Start of Block
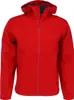 DERBE HAMBURG FUTURE BOYS Herren Regenjacke Produktbild-Vorschau 2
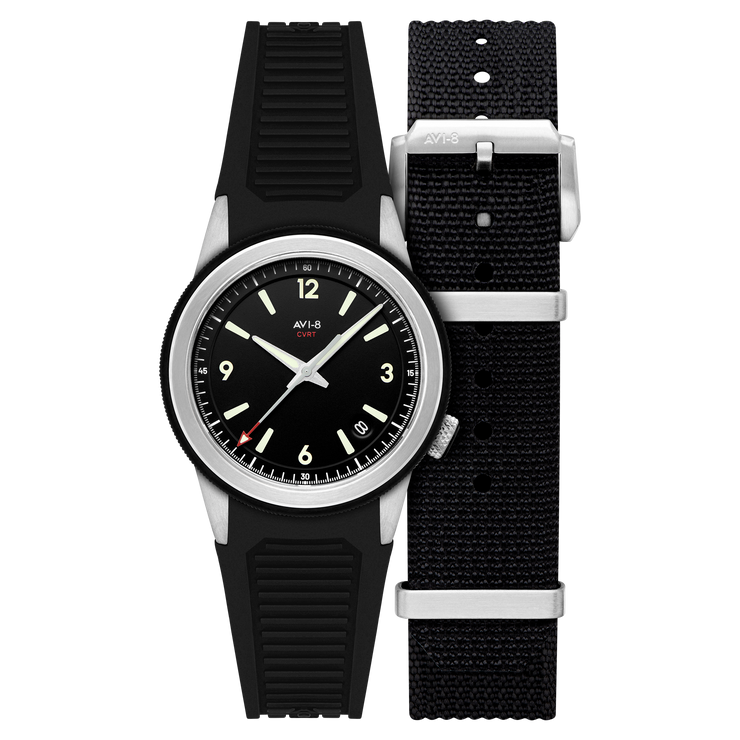 AVI-8 CVRT 3775a Automatic Night Shadow
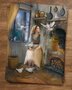 A fairytale postcard from Iris Esther - Cinderella 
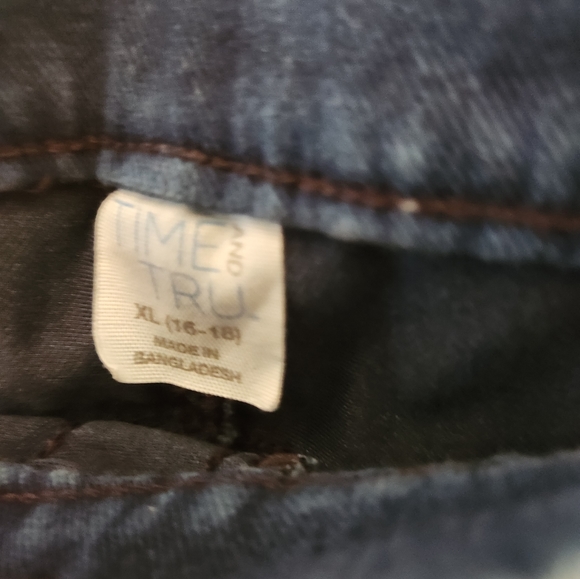 Time and Tru womens pants size XL - Picture 2 of 3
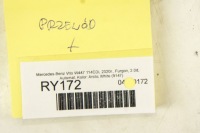 Ry172 mercedes vito w447 шланг plus плюсовой в Украине, фото thumb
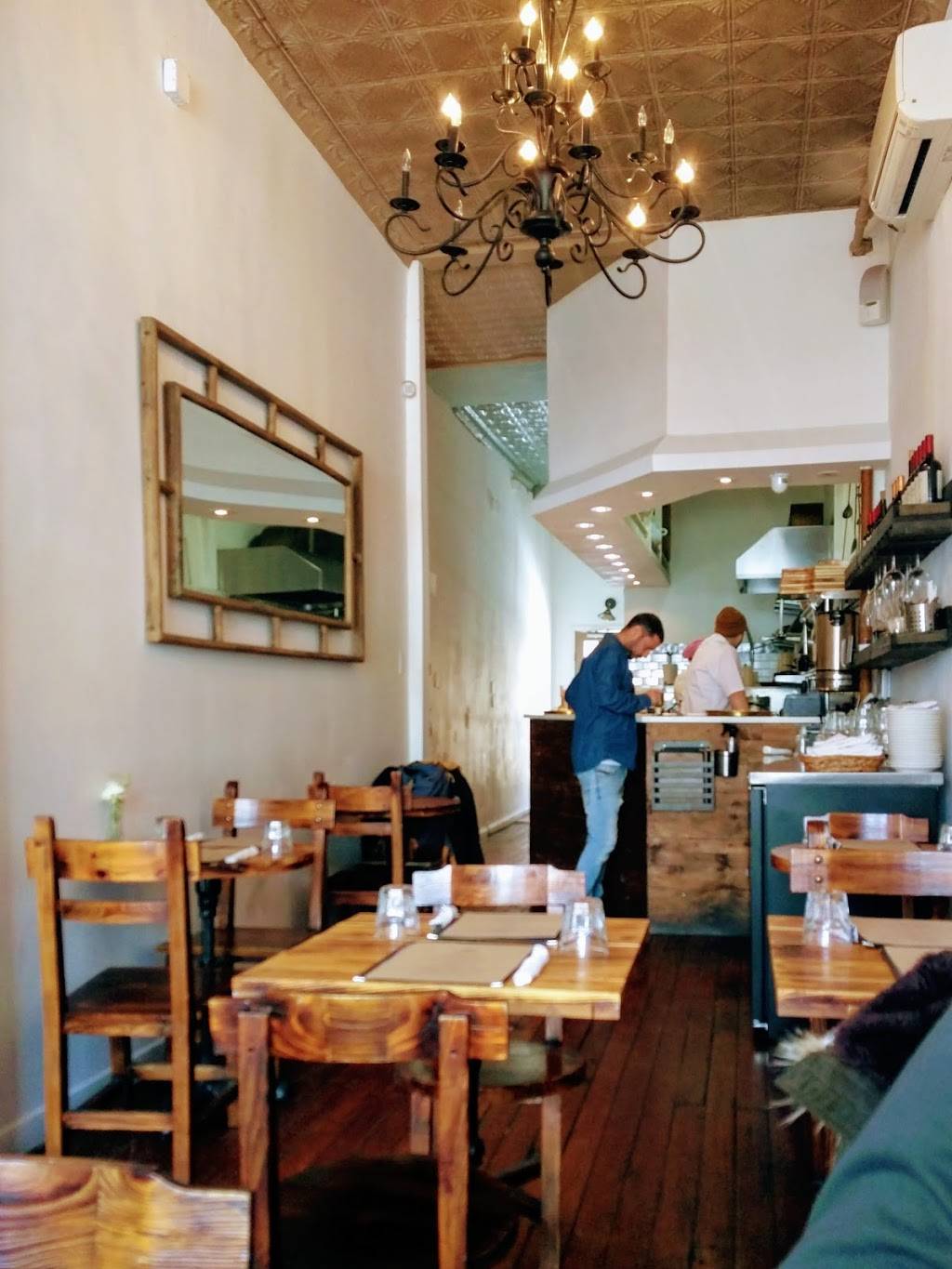 Hummus Market | restaurant | 361 Graham Ave, Brooklyn, NY 11211, USA | 7185995600 OR +1 718-599-5600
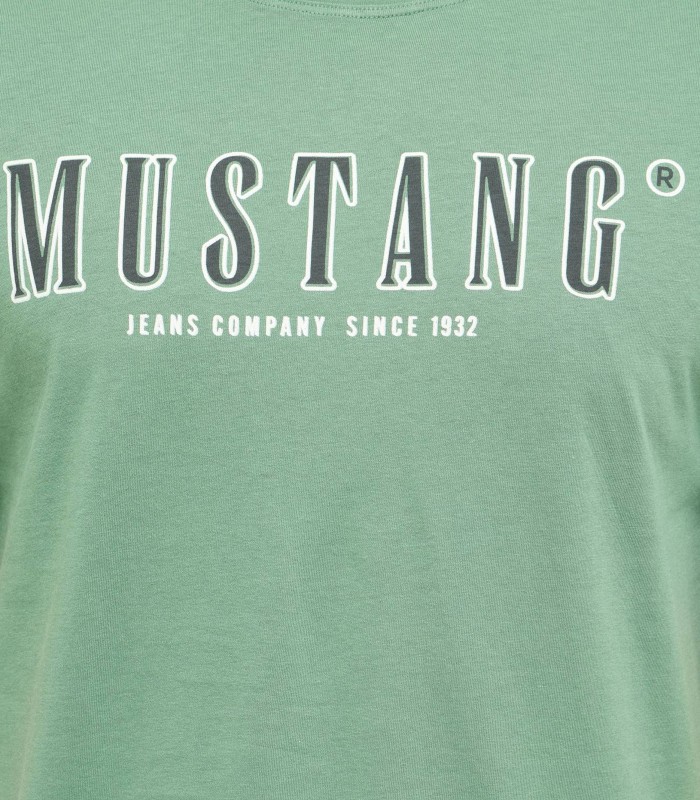 Mustang Herren T-Shirt 1016281*6326 (9)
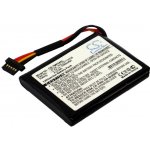 Cameron Sino CS-TMF04SL 3.7V Li-ion 1100mAh černá - neoriginální | Zboží Auto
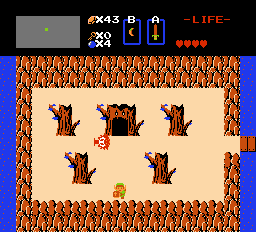 Dungeon Entrance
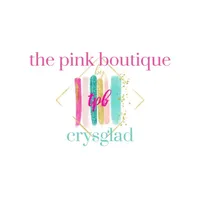 The Pink Boutique Shop icon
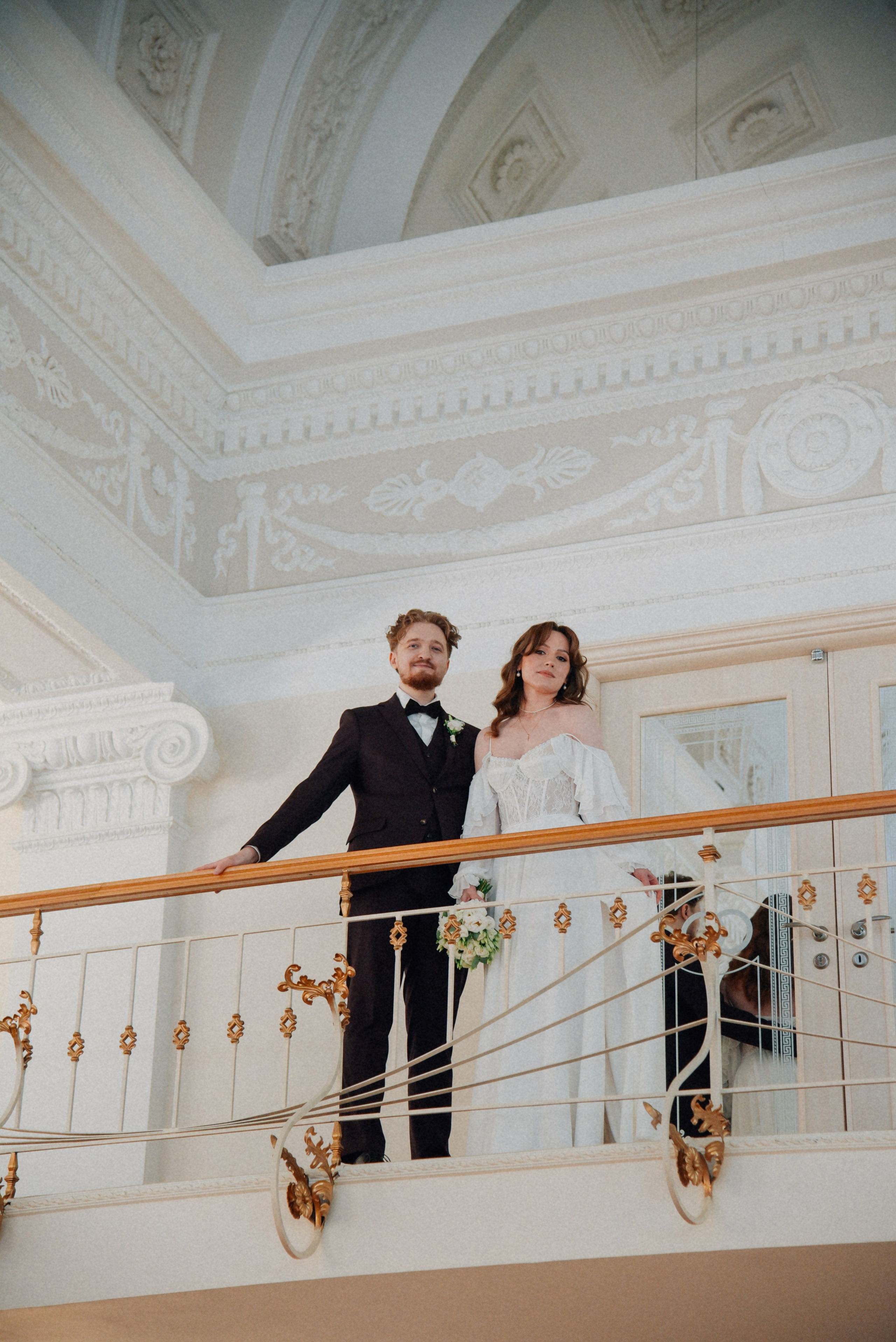 Романтичный Питер. Фотограф Лола Волна, город Москва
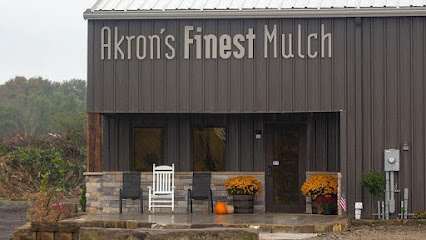 Akron's Finest Mulch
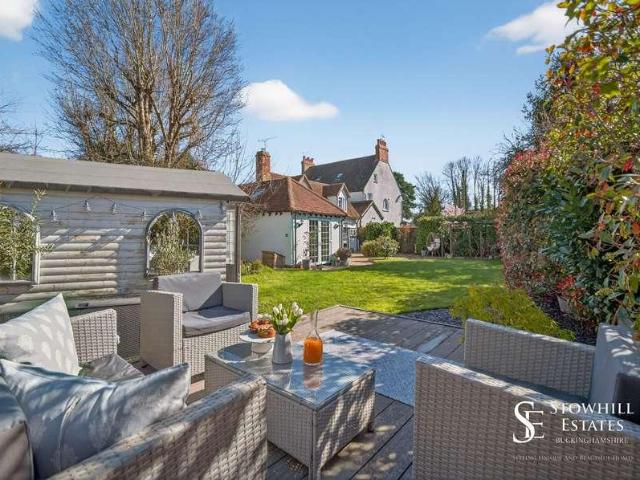 House for sale in Berrick Salome, Oxfordshire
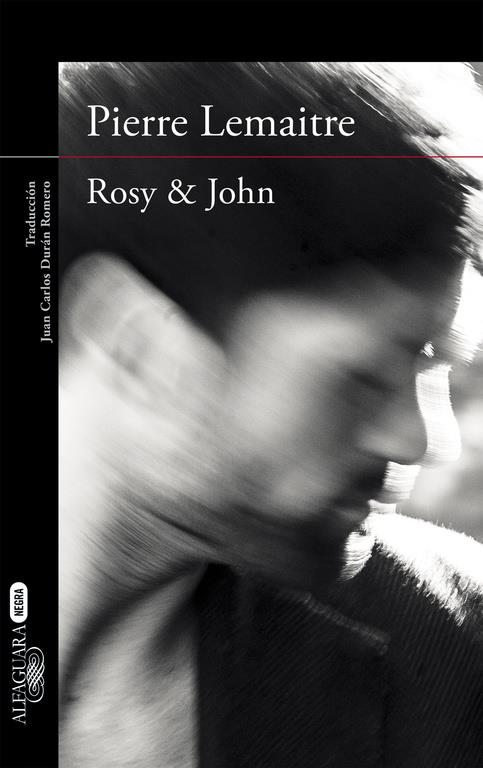 ROSY & JOHN | 9788420413631 | LEMAITRE, PIERRE | Llibreria Online de Banyoles | Comprar llibres en català i castellà online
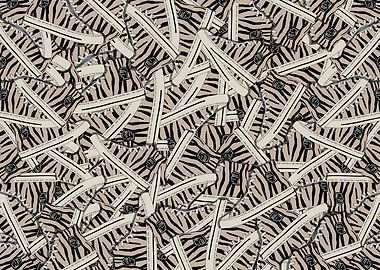 Patt sneakers hype 12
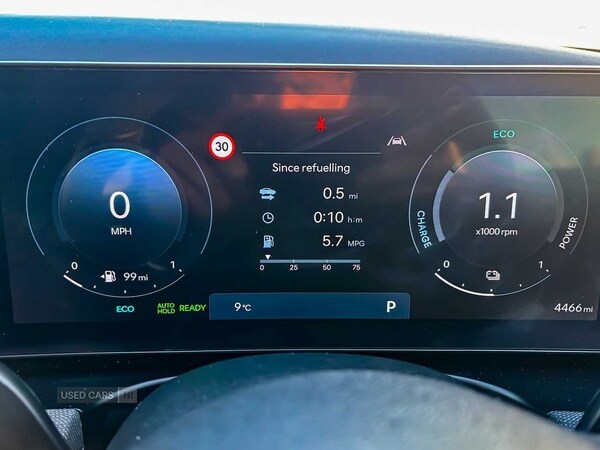 Used Hyundai TUCSON 2025 for sale - 76825608: Photo 16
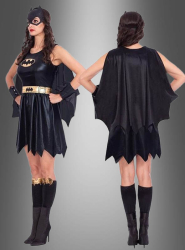 Artikelbild 2 des Artikels “Batgirl Kostüm Damen “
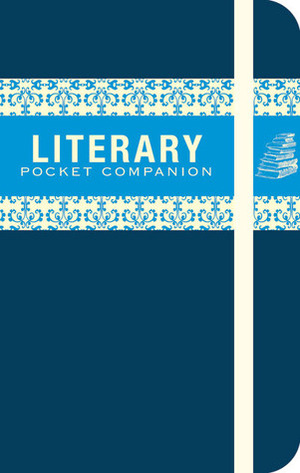 The Literary Pocket Companion by Emma Jones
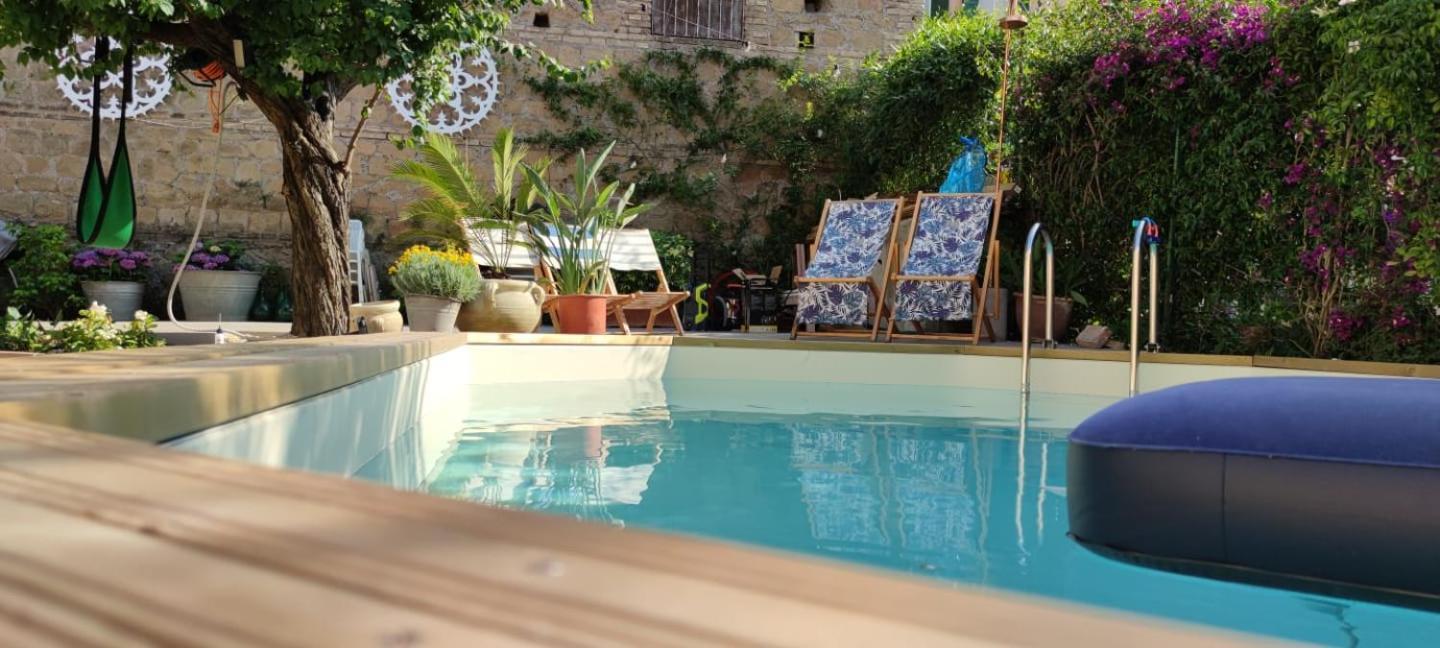 Villa Magini Roma Exterior foto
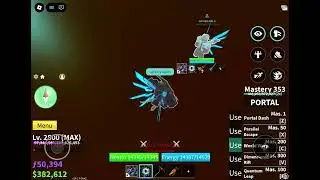 Using admin killer combo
End of Block
§ **REQUIREMENT**
Make an exact copy of all the material, but keep the pictures out of it.

§ **TASK RESULT**
 DERBE HAMBURG FUTURE BOYS Herren Regenjacke Produktbild-Vorschau 2
 AVI-8 CVRT 3775a Automatic Night Shadow
 A fairytale postcard from Iris Esther - Cinderella 
 Time and Tru womens pants size XL - Picture 2 of 3
 Ry172 mercedes vito w447 шланг plus плюсовой в Украине, фото thumb
 Hummus Market | restaurant | 361 Graham Ave, Brooklyn, NY 11211, USA | 7185995600 OR +1 718-599-5600
 Mustang Herren T-Shirt 1016281*6326 (9)
 Cameron Sino CS-TMF04SL 3.7V Li-ion 1100mAh černá - neoriginální | Zboží Auto
 Dungeon Entrance
 The Pink Boutique Shop icon
 Романтичный Питер. Фотограф Лола Волна, город Москва
 Akron's Finest Mulch
 House for sale in Berrick Salome, Oxfordshire
 ROSY & JOHN | 9788420413631 | LEMAITRE, PIERRE | Llibreria Online de Banyoles | Comprar llibres en català i castellà online
 Patt sneakers hype 12
 Used Hyundai TUCSON 2025 for sale - 76825608: Photo 16
 Artikelbild 2 des Artikels “Batgirl Kostüm Damen “
 The Literary Pocket Companion by Emma Jones
 Villa Magini Roma Exterior foto
 Using admin killer combo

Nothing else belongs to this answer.